The curious juxtaposition with respect to Rajini and the book is that his real life story follows the path of monomyth as proposed by Joseph Campbell. In fact, most of his post superstardom movies can be shown as an example of hero’s life as depicted by Campbell. There is one part which most of us wouldn’t want to happen to Rajini, the superstar – the end of the superstar. We want this super star to live forever with his superstardom. His movies are immortalised, but we want to immortalise this persona too.
Kochadaiyaan for instance is an attempt to revive his youthful exuberance through animation that failed miserably. Lingaa on the other hand proves why should we allow him to age gracefully and let him give up his superstar status. Lingaa is a typical Rajinikanth movie in which we see a fictional (or alternative history) take on Mullaiperiyar dam. King Lingeswaran, a collector and a small king give up everything to build a dam for Solaiyur to help the village during the British rule. His grandson (Lingaa) comes back to the same village after 70 years to fulfil a duty and what happens is shown in a usual Rajini way but sans the enthusiasm that we usually see in a Rajini movie.
There can be multiple reasons why Lingaa doesn’t work. The screenplay (KS Ravikumar) doesn’t engage you like the usual superstar movies. It doesn’t allow you to root for Rajini like you usually do in all of his movies. The lack of formidable antagonists, tired musical score by AR Rahman and lacklustre acting pile up the woes.
But above all, Lingaa is a feeble attempt to manifest every superstar fan’s dream. A dream where he does everything what his fans expect him to do. Over the past few years, these dreams have become a burden over his head. A handcuff made of adulations that he is not in a position to leave. This happened to superstars like Dev Anand and Amitabh. Dev couldn’t manage it while Amitabh moved and started taking graceful roles to suit his age and acting prowess.
Rajinikanth is an impeccable actor. His earlier movies and few scenes that you see in his later movies are testimonies to his brilliance. Nevertheless, as fans we don’t want him to leave his superstar status. I think its time we allow him to move on. Allow him to do roles that will make him enjoy his acting. We should allow him exit gracefully. Trust me, we will still love him the way we do now. We need to give him his space. A space where he can get back to doing roles like Chakravarthy (Netrikann) or Santhanam (6il irundhu 60 Varai). Why not a romantic comedy like Cheeni Kum or a complete villain role or something that will excite him as an actor. Why are we constraining him to do be a super star while he can do plethora of roles? Why are we still killing the actor in him?

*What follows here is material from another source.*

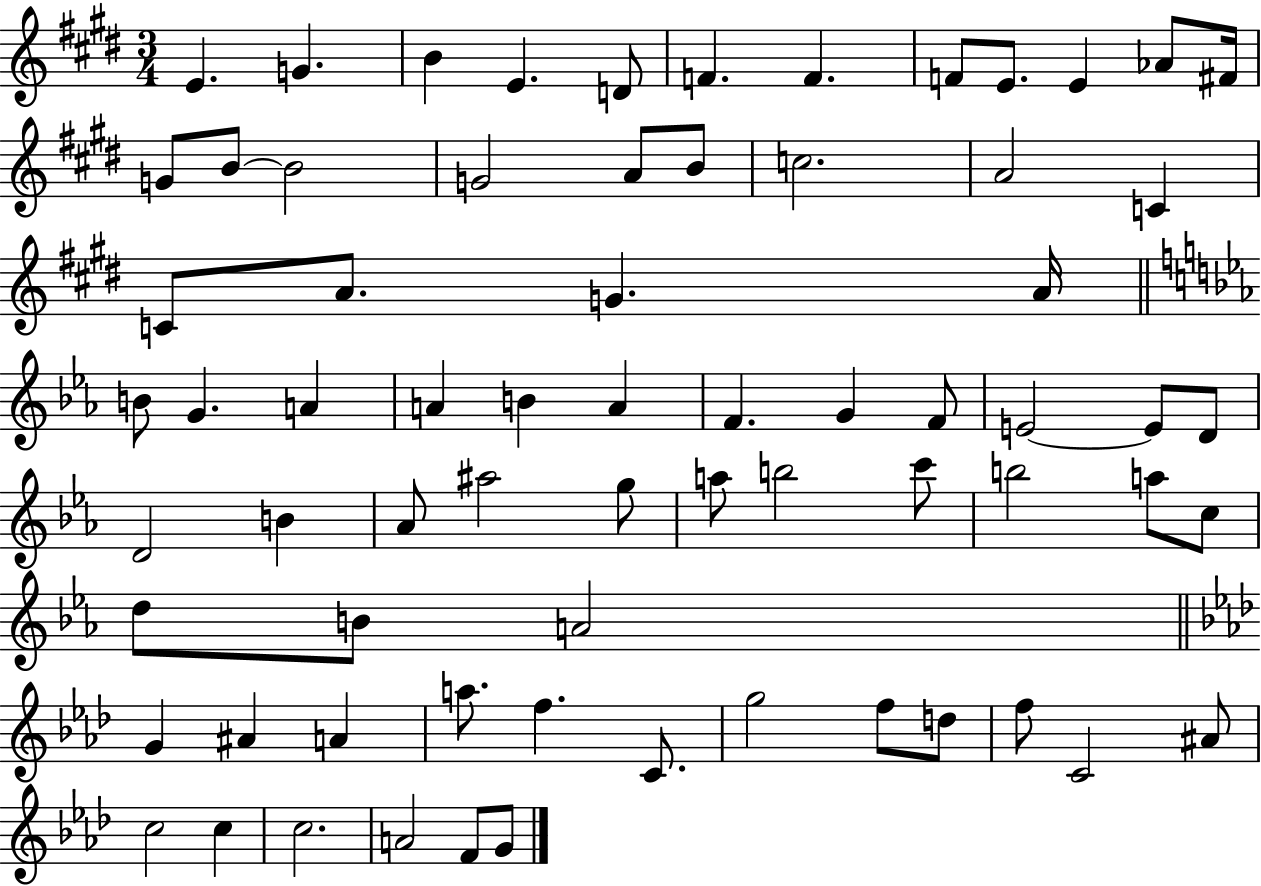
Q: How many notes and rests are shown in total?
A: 69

There is a scene in Lingaa (the one scene I like the most) where the people from Solaiyur plead him to come back. They want to make him a king again and give back his wealth as he is living as a simpleton. He replies “I have seen that life and enjoyed it. I want to enjoy this as well”.
I believe there is a larger message for his fans too. We have to let go “Super Star” and bring back Rajinikanth. Let’s permit him to move on.
P.S: Ok Ok, I can hear the mind voice -‘Should we see the movie or not?” – To be honest, it’s slipshod effort to hold the superstar status of Rajinikanth in which KS Ravikumar miserably fails. A 1.5/5 and not a worthy watch.